Secret assets linked to former Cabinet minister Chris Okemo and former Kenya Power and Lighting Company boss Samuel Gichuru in the Island of Jersey could soon be repatriated following renewed Government efforts.

Friday, The Standard On Saturday reliably learnt that Attorney-General Githu Muigai had held discussions with the Jersey authorities on fast-tracking the repatriation of assets stashed in that country.

Nambale MP Okemo and Gichuru are wanted by the Jersey authorities to face Sh900 million money-laundering charges.

The AG held a meeting with the Island of Jersey’s Solicitor-General, Howard Sharp, and is now preparing to file a formal request for legal assistance to that country, The Standard On Saturday has learnt.

The meeting between the AG and Sharp was held at the Kenyan High Commission in London during Githu’s official visit to the UK, our sources said.

"I was pleased with the outcome of the vital and cordial discussion we held...and in particular the fast-tracking and finalisation of the repatriation of assets relating to Messrs Gichuru and Okemo," the Attorney-General said in his letter to Sharp dated February 17, 2012, and which was exclusively obtained by The Standard On Saturday.

Gichuru and Okemo – who are out on Sh1 million cash bail – are alleged to have received bribes from international companies between 1999 and 2002. The latest development came as the Director of Public Prosecutions Keriako Tobiko awaits a High Court hearing on his appeal against a magistrate’s decision that barred lawyer Patrick Kiage from representing the Government.

Made submissions

Kiage had given his submissions opposing Okemo and Gichuru’s bid to have the extradition proceedings dismissed, when the magistrate, Ms Grace Macharia, ruled that the lawyer – who is in private practice – had not been properly appointed as a special prosecutor to handle the matter.

This followed lawyer Fred Ngatia’s – for Okemo and Gichuru – application to the court that their case could only be handled by a person with the legal status to appear before court.

During the court proceedings last year, two top officials from the Island of Jersey – Barrister Anwar Nashashibi and Detective Constable Mark Adrian Grieve – were in attendance.

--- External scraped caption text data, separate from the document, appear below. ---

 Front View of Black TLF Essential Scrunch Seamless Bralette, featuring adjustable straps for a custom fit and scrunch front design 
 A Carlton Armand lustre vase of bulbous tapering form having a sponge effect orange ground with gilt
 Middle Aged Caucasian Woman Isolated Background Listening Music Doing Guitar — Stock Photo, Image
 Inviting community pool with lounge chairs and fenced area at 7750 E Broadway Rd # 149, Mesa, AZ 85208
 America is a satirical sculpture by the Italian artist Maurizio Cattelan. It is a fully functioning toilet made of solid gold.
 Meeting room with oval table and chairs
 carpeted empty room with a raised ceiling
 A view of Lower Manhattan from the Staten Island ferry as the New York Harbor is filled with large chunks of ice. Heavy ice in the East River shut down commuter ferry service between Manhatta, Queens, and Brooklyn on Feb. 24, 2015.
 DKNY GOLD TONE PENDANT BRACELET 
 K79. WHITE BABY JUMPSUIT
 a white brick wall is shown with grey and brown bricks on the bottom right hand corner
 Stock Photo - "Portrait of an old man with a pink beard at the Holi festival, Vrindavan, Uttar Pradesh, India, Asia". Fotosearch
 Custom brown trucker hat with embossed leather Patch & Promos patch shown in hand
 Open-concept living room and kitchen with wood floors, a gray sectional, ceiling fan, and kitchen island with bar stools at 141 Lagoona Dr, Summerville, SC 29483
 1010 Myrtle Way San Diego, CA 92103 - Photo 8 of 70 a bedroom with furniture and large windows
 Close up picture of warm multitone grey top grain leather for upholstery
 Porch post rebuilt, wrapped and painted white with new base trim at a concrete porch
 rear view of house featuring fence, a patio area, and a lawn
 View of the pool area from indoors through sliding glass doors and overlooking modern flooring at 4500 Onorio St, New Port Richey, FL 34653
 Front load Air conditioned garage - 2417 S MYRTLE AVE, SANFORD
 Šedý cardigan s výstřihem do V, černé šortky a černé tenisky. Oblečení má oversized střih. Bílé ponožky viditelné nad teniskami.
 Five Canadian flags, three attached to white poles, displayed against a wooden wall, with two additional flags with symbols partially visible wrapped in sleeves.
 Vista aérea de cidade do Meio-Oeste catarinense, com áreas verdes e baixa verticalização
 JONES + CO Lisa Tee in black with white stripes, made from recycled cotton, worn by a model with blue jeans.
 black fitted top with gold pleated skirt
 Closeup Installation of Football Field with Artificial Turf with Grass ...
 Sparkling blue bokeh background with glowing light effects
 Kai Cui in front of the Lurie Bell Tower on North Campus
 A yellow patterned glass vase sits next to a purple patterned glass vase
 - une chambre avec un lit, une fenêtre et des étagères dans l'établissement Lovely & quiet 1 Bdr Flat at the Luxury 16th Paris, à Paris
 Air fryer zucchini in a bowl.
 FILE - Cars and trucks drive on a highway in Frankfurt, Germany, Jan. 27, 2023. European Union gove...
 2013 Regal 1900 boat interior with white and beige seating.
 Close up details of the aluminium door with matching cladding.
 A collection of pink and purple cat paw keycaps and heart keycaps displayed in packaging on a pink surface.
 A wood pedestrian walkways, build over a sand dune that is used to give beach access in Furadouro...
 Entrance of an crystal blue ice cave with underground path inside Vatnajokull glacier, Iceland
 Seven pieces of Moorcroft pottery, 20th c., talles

Outside the court precincts, the two were met by a group of youth hurling racist words at them, a move that prompted the magistrate to promise to alert security officers at the Milimani Law Courts. Magistrate Macharia also asked the DPP to report the matter to police.

The two officials were in the country to assist the DPP’s office to argue out the extradition application. It was Grieve who, on April 8, 2010, gave information on oath against the suspects in an affidavit before a court in the Island of Jersey.

He claimed that the suspects had concealed and transferred proceeds of a criminal conduct, after which the court issued warrants of arrest against the two prominent Kenyans.

Nashashibi, a University of Manchester graduate, practices in all areas of serious crime with emphasis on fraud, money laundering and corruption.

In defending the extradition, the DPP is to rely on 13 bundles of documents received from the Island of Jersey.

In the documents, there are claims that when Okemo opened a bank account in Jersey several years ago, he presented himself as a self-employed economist. Gichuru presented himself only as "a lawyer by profession."

It is this account that Jersey investigators claim was used to pass and conceal proceeds of crime.

An affidavit sworn by Detective Lee Turner claimed that Okemo and Gichuru accepted bribes from foreign firms contracted by KPLC.

The companies were allegedly made to pay money to the account of Windward Trading Ltd, which belonged to Gichuru, or that he benefited from it and controlled it using agents.

Turner claimed that the bribes in Windward, incorporated in Jersey in 1986, were sent to Okemo and Gichuru’s accounts on instructions of Gichuru’s agents.

Turner alleges that through these schemes of ‘layering’ were net payments of £1.3million.